Changing strings in files
> On 10 Nov 2020, at 19:30, Eli the Bearded <*@eli.users.panix.com> wrote:
> In comp.lang.python, Chris Angelico <rosuav at gmail.com> wrote:
>> Eli the Bearded <*@eli.users.panix.com> wrote:
>>> Read first N lines of a file. If all parse as valid UTF-8, consider it text.
>>> That's probably the rough method file(1) and Perl's -T use. (In
>>> particular allow no nulls. Maybe allow ISO-8859-1.)
>> ISO-8859-1 is basically "allow any byte values", so all you'd be doing
>> is checking for a lack of NUL bytes.
NUL check does not work for windows UTF-16 files.
> ISO-8859-1, unlike similar Windows "charset"s, does not use octets
> 128-190. Charsets like Windows CP-1252 are nastier, because they do
> use that range. Usage of 1-31 will be pretty restricted in either,
> probably not more than tab, linefeed, and carriage return.
Who told you that?
The C1 control plane is used in ISO 8 bit char sets.

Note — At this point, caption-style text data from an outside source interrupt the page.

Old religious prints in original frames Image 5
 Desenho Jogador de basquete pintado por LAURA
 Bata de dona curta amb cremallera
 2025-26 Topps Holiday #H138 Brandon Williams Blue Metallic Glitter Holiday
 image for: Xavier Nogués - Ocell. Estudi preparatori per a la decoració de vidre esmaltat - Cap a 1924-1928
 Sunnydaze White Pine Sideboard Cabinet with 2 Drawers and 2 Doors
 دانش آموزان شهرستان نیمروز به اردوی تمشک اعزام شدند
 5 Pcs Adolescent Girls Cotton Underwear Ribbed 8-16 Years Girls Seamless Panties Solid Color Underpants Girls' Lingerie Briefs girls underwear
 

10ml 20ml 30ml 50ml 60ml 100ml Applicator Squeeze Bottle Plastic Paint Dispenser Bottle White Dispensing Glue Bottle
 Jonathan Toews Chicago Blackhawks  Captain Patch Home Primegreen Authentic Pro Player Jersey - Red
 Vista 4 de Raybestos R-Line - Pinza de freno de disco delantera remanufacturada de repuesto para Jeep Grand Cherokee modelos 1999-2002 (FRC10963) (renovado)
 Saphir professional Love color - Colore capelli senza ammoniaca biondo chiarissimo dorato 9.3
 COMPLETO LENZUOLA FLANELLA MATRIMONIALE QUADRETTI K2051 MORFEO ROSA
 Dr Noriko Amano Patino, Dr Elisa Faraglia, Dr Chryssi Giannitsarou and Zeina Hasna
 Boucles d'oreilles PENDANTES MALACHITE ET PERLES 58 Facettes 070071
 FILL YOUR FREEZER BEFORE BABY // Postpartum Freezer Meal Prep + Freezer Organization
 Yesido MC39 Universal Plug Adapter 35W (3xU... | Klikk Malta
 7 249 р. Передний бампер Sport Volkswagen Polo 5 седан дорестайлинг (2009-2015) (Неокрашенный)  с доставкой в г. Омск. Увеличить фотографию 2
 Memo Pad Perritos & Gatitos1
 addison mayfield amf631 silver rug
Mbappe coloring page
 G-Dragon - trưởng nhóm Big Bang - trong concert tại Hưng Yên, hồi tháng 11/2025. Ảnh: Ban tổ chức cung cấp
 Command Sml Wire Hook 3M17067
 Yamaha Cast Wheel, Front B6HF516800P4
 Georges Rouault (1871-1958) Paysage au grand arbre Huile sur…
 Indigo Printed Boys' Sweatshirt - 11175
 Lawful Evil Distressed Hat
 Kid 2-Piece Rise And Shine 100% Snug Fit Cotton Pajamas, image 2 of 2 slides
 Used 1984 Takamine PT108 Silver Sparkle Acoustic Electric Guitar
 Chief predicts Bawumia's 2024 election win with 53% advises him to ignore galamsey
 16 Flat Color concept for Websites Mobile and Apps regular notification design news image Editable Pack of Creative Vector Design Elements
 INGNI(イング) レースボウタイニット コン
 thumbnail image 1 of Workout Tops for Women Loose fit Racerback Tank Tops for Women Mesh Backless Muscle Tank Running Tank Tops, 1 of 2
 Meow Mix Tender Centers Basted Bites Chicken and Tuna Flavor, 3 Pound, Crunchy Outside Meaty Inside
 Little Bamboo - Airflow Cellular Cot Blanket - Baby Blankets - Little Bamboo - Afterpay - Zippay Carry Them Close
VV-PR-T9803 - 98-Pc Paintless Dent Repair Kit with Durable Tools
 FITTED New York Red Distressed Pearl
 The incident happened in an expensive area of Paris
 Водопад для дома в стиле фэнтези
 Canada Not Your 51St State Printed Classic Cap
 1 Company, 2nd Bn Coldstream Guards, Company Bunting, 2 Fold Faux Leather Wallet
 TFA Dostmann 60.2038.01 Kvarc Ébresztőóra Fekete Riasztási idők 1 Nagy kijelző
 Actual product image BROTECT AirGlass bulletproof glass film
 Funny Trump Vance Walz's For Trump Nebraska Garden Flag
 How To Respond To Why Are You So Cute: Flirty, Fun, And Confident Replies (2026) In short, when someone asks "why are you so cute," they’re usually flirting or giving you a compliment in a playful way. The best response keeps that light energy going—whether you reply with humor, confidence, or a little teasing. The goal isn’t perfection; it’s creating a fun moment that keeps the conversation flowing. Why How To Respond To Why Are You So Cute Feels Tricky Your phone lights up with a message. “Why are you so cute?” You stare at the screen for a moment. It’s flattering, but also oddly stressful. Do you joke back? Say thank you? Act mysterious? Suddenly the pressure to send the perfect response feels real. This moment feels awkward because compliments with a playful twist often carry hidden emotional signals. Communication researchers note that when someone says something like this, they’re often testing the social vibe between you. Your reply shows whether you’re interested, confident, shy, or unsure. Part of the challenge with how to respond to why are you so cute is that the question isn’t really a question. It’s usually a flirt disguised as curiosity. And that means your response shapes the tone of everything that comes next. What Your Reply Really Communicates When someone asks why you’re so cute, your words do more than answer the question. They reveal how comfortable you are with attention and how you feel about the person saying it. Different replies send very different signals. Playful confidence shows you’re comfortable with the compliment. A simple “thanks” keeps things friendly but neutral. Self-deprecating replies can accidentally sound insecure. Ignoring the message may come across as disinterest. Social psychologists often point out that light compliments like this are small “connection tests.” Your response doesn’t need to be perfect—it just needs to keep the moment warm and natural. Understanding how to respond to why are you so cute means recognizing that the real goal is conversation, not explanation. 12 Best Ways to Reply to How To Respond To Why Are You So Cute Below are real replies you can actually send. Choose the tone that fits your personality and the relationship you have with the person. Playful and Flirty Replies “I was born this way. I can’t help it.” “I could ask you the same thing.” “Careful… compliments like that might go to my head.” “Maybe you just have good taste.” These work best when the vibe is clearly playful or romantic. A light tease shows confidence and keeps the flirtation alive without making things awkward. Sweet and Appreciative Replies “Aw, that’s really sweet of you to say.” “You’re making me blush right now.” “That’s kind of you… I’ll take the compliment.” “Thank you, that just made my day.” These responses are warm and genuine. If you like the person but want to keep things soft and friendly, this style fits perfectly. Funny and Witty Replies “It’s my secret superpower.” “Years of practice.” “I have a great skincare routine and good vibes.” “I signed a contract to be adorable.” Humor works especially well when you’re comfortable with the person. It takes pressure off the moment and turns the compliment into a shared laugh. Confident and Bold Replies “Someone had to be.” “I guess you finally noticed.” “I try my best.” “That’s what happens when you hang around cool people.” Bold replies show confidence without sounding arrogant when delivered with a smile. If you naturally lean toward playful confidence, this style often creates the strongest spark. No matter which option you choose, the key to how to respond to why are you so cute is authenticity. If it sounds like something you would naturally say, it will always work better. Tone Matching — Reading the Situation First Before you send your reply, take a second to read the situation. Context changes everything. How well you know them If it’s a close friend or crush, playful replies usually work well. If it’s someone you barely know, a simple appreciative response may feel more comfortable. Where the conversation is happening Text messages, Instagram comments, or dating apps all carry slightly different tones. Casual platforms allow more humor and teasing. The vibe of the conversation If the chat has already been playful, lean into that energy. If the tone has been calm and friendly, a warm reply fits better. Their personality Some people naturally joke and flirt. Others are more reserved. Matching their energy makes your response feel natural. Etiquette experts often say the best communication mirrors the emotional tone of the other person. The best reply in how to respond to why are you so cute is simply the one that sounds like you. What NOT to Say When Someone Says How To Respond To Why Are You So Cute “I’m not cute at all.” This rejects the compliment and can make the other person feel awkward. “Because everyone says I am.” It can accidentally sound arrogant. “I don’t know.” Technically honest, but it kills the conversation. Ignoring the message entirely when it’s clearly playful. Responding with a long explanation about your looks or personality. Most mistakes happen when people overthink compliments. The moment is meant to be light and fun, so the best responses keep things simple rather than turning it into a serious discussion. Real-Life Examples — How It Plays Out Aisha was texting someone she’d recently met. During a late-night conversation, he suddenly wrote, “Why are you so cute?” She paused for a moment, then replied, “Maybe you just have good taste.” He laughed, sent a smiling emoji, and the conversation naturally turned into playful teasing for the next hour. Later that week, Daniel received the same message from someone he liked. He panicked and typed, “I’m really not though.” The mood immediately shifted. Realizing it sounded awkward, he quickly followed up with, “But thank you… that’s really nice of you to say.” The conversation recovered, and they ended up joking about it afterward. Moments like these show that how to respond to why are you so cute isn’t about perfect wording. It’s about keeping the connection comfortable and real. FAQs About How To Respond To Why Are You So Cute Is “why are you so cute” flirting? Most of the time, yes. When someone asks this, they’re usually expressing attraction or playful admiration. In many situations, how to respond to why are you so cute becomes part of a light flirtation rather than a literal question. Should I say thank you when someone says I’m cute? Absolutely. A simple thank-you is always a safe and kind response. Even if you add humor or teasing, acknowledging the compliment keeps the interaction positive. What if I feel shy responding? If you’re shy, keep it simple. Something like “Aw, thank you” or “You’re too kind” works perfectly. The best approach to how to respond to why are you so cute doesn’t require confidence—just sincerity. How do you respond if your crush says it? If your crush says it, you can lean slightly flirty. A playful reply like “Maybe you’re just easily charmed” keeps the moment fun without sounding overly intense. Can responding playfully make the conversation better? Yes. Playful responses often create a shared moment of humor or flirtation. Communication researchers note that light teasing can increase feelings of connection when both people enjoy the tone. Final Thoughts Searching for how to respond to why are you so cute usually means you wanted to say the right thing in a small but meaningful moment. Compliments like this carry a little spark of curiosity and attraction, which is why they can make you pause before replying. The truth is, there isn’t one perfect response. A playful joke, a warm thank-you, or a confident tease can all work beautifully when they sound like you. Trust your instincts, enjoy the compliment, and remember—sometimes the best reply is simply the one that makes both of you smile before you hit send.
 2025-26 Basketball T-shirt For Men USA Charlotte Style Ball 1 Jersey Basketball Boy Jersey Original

One optimisation for the Vt100 family of terminals is to send CSI as 0x8b
and not as 0x1b '['. Back in the days of 9600 bps or 1200 bps connections
that was worth the effort.
>> I'd definitely recommend
>> mandating UTF-8, as that's a very good way of recognizing valid text,
>> but if you can't do that then the simple NUL check is all you really
> Dealing with all UTF-8 is my preference, too.
>> And let's be honest here, there aren't THAT many binary files that
>> manage to contain a total of zero NULs, so you won't get many false
>> hits :)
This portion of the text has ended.